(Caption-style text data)
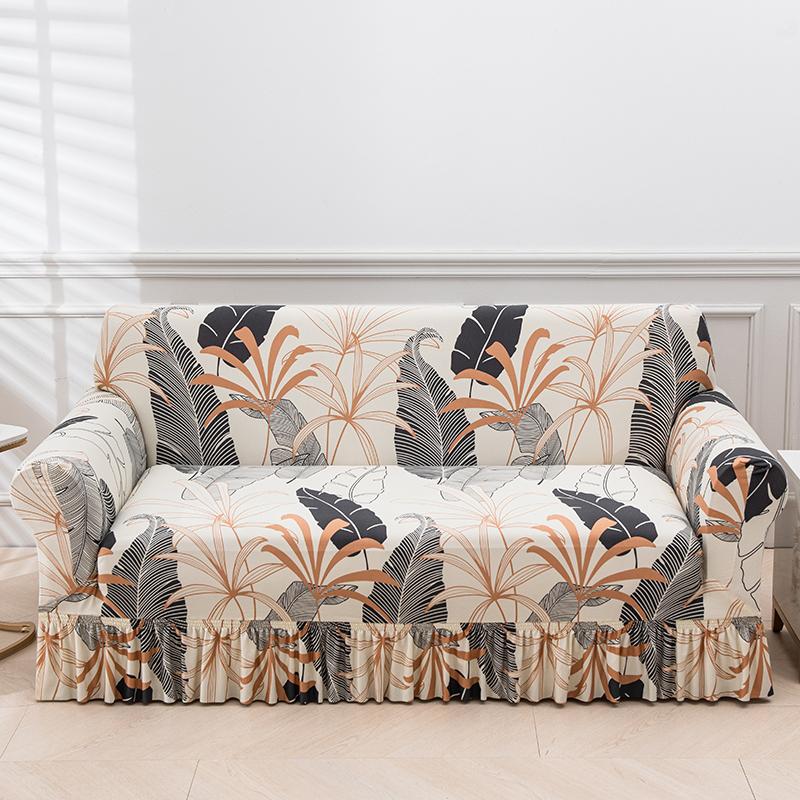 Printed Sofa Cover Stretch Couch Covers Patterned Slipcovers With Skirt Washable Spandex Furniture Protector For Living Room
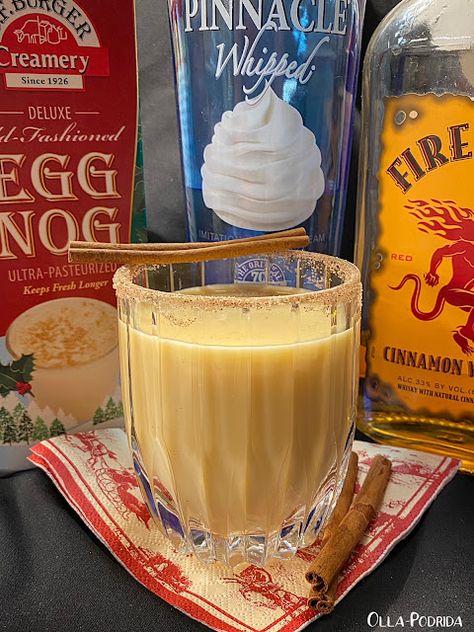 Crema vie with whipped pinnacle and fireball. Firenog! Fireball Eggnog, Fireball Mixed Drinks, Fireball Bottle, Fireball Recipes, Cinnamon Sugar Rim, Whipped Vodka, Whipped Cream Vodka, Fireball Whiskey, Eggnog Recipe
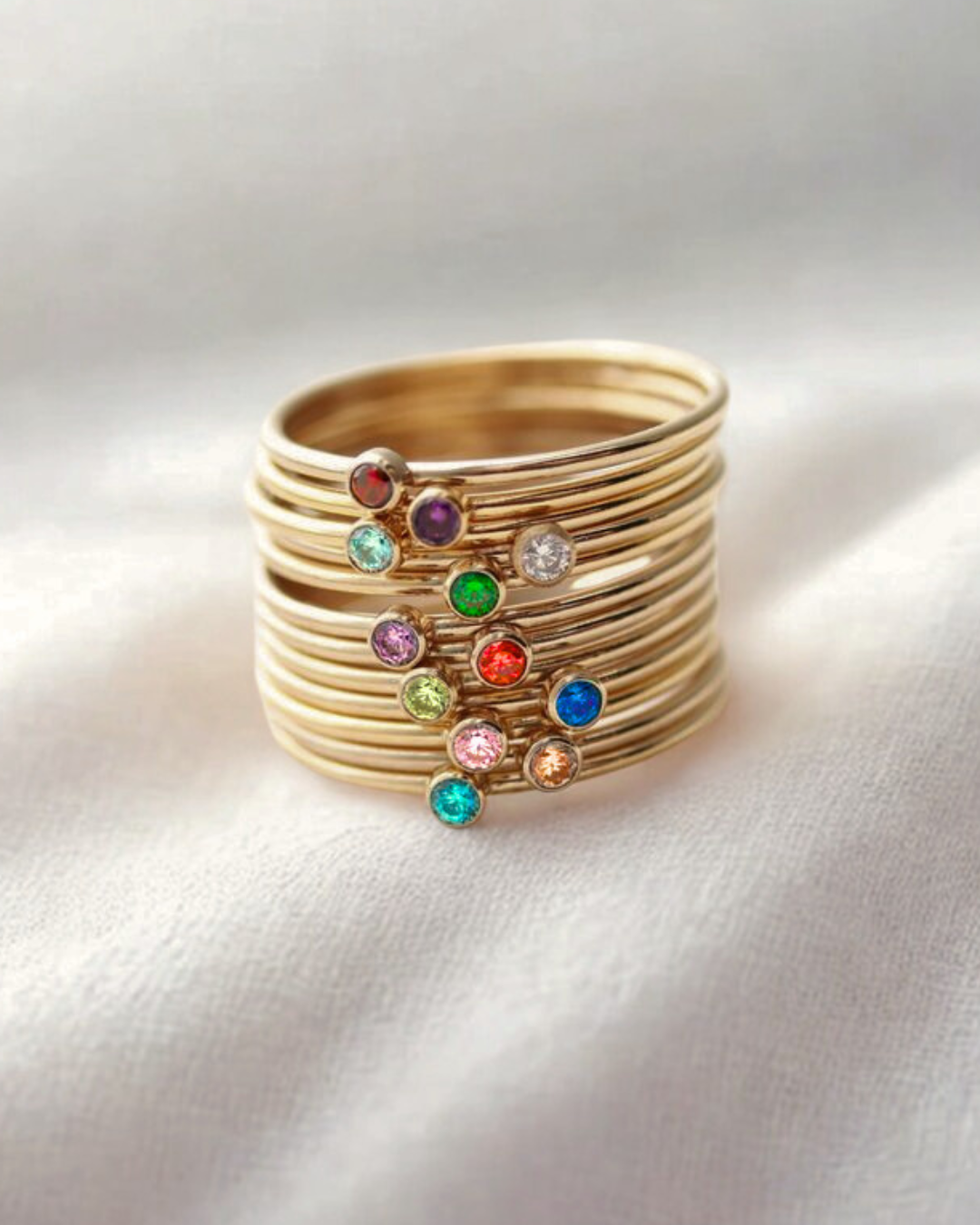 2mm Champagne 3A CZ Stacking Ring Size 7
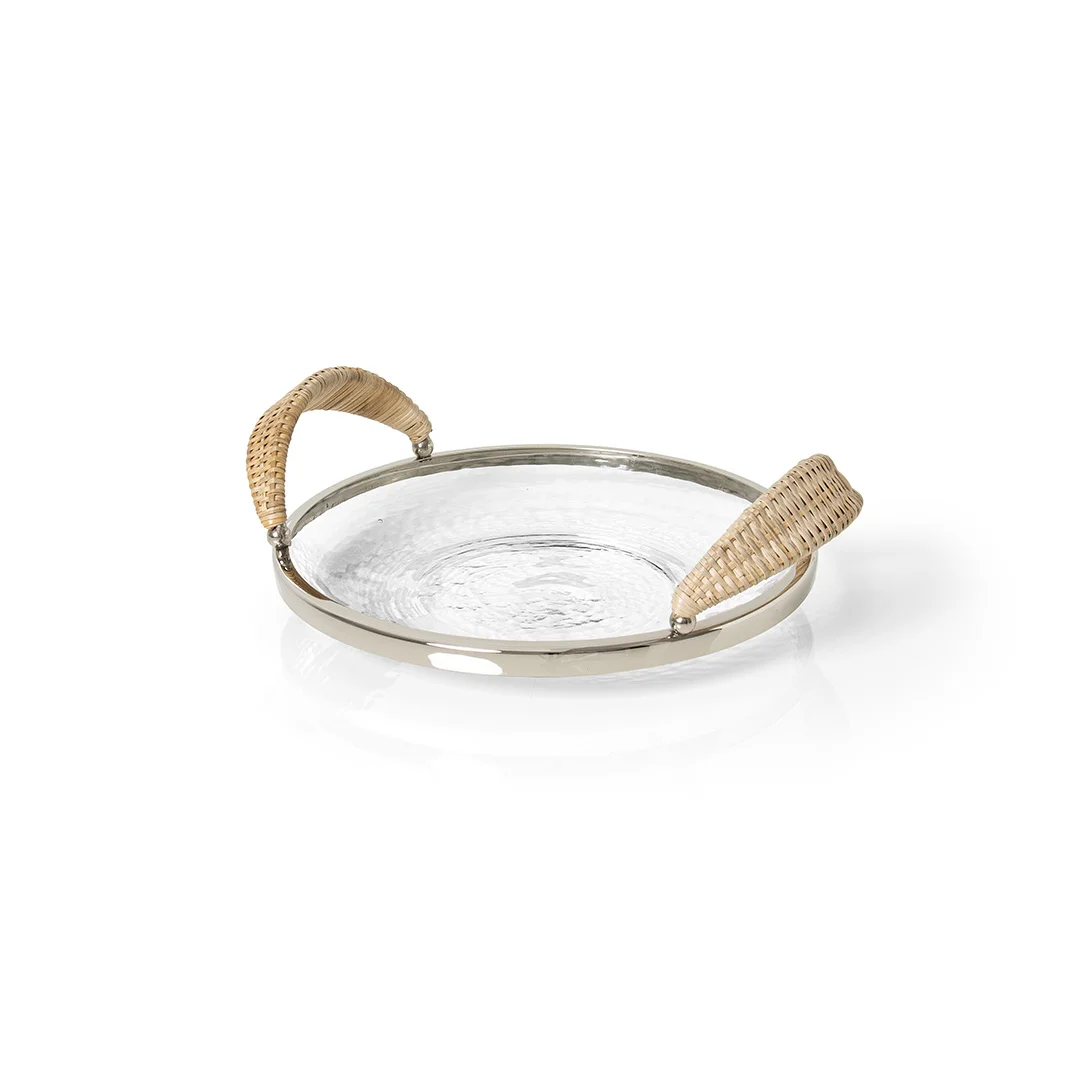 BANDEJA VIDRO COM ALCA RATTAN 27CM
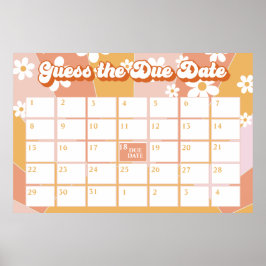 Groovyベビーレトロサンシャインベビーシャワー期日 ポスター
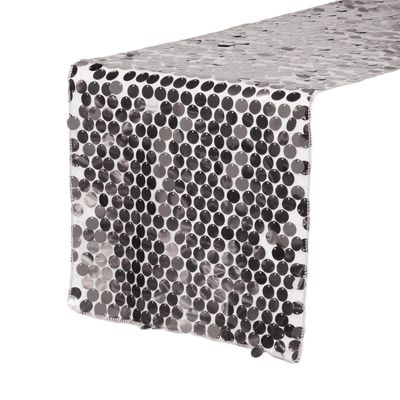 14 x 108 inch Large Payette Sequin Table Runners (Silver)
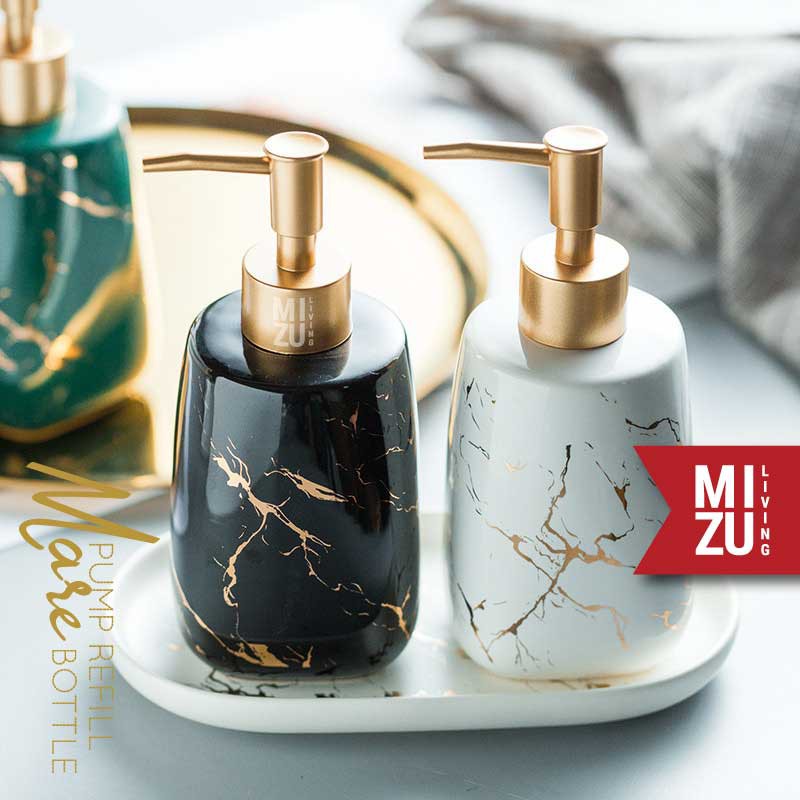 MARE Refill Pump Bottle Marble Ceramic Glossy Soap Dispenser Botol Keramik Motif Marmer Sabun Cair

--- PROBLEM REQUIREMENTS ---
Only the lines from the one containing "Groovyベビーレトロサンシャインベビーシャワー期日 ポスター" through the last line of the entries above belong in the copy; reproduce them exactly and drop every picture.

--- FINISHED EXERCISE ---
 Groovyベビーレトロサンシャインベビーシャワー期日 ポスター
 14 x 108 inch Large Payette Sequin Table Runners (Silver)
 MARE Refill Pump Bottle Marble Ceramic Glossy Soap Dispenser Botol Keramik Motif Marmer Sabun Cair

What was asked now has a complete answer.